[Short descriptive text snippets]
=-=-=-=-=

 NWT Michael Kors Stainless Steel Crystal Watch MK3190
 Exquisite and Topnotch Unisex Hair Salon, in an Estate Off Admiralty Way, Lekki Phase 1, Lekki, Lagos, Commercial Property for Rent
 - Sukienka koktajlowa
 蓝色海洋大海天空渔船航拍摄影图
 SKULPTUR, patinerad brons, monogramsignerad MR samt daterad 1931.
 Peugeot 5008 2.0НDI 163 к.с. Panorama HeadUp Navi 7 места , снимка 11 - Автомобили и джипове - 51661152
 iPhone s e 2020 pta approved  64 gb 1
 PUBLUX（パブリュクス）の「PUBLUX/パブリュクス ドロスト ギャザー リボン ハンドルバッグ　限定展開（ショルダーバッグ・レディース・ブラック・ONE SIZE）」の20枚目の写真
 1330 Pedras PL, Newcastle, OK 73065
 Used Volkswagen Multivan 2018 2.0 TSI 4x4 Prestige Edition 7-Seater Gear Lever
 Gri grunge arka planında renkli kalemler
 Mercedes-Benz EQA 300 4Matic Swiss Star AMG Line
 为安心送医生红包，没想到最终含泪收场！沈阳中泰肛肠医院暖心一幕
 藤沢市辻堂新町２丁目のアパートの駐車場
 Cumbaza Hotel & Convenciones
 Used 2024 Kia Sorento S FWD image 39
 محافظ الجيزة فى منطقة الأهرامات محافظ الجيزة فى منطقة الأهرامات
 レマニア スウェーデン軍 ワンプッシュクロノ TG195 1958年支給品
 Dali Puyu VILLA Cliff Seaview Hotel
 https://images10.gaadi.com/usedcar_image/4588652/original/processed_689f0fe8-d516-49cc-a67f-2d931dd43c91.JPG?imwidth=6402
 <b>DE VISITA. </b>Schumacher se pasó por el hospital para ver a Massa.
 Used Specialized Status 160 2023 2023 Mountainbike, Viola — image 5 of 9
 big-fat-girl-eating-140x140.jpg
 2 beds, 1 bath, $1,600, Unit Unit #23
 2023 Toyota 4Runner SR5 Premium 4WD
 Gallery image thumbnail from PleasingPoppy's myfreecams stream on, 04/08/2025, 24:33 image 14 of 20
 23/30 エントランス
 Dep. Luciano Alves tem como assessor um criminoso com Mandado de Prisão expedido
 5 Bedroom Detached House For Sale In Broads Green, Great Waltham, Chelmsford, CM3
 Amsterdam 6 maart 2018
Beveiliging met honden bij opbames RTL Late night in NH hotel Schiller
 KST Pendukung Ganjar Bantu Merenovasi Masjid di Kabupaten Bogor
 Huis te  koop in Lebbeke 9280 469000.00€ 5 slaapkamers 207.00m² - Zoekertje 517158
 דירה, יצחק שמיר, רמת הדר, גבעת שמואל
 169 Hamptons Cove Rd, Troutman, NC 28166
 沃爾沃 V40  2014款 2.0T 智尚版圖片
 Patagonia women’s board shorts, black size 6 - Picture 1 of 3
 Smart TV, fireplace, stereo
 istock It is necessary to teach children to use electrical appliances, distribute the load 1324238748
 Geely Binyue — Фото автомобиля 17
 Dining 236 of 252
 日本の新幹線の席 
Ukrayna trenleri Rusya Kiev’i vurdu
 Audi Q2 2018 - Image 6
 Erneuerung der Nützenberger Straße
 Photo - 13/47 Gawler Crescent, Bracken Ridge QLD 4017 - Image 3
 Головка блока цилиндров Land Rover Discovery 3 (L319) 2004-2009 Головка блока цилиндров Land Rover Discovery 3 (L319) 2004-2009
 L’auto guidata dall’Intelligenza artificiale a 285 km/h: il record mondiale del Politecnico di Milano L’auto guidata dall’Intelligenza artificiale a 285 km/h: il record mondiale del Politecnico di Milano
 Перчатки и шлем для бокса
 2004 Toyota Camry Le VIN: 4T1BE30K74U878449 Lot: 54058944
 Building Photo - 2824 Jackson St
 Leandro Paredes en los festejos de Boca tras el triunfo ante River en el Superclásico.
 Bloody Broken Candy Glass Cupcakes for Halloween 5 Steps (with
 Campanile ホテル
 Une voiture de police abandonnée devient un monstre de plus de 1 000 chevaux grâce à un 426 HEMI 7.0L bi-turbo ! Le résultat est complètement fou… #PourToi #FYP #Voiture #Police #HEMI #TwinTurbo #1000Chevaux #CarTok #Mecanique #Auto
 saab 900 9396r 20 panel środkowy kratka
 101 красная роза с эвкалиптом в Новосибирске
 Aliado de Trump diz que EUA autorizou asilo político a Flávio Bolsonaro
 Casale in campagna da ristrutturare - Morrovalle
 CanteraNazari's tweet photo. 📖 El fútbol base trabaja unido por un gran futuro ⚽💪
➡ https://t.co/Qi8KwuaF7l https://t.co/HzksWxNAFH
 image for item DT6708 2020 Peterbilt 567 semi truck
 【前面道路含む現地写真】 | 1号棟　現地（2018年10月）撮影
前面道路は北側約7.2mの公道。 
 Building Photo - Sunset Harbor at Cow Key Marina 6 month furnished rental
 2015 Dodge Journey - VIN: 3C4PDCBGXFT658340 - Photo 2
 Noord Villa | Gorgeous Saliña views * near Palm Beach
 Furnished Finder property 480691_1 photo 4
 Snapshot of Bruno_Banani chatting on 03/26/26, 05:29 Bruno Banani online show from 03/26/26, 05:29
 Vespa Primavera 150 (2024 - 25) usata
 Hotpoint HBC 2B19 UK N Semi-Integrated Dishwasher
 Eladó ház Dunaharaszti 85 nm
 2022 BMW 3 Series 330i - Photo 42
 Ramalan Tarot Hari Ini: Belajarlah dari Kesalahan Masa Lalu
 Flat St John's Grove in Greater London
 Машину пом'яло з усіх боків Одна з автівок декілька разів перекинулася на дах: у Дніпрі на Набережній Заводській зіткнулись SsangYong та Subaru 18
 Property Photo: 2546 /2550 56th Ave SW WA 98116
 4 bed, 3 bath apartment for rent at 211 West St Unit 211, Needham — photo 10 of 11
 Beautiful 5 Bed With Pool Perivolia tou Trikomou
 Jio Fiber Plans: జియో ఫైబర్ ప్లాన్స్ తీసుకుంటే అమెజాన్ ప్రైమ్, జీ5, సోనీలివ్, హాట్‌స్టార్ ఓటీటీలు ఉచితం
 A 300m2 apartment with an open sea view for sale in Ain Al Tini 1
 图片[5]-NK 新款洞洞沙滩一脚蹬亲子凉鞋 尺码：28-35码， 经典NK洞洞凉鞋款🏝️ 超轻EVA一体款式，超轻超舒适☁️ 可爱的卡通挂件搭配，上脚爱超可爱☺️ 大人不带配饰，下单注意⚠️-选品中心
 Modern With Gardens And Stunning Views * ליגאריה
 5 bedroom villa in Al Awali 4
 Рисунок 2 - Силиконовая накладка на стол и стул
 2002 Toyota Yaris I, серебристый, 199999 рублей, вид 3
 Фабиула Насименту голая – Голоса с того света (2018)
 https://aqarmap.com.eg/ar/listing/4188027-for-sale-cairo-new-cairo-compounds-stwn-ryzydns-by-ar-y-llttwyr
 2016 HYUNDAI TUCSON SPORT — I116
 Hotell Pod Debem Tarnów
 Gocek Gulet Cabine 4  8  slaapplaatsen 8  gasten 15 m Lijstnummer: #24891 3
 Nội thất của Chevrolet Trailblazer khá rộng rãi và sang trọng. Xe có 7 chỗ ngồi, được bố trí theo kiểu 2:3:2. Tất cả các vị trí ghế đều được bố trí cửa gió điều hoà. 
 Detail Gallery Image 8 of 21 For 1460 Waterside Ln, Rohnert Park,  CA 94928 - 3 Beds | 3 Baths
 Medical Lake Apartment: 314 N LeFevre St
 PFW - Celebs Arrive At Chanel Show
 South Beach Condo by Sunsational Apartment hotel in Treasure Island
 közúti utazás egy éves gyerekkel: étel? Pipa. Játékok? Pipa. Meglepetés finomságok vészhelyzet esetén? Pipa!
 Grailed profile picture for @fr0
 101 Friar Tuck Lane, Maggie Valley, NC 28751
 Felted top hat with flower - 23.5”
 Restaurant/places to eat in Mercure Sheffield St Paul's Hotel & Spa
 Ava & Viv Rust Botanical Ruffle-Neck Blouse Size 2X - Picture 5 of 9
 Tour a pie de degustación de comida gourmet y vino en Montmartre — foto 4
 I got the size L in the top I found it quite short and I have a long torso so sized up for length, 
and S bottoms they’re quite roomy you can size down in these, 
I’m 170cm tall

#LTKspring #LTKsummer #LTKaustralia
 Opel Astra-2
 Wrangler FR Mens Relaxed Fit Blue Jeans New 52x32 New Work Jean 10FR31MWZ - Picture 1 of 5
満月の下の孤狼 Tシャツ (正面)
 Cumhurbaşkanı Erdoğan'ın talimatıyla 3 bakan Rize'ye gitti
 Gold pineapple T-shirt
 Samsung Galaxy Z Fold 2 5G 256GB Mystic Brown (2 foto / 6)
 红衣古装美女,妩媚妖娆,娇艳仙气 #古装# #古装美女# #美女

=-=-=-=-=

> About this task
Beginning at the line that holds "Ava & Viv Rust", write out word for word each line through the end of the records.

> Answer below
 Ava & Viv Rust Botanical Ruffle-Neck Blouse Size 2X - Picture 5 of 9
 Tour a pie de degustación de comida gourmet y vino en Montmartre — foto 4
 I got the size L in the top I found it quite short and I have a long torso so sized up for length, 
and S bottoms they’re quite roomy you can size down in these, 
I’m 170cm tall

#LTKspring #LTKsummer #LTKaustralia
 Opel Astra-2
 Wrangler FR Mens Relaxed Fit Blue Jeans New 52x32 New Work Jean 10FR31MWZ - Picture 1 of 5
満月の下の孤狼 Tシャツ (正面)
 Cumhurbaşkanı Erdoğan'ın talimatıyla 3 bakan Rize'ye gitti
 Gold pineapple T-shirt
 Samsung Galaxy Z Fold 2 5G 256GB Mystic Brown (2 foto / 6)
 红衣古装美女,妩媚妖娆,娇艳仙气 #古装# #古装美女# #美女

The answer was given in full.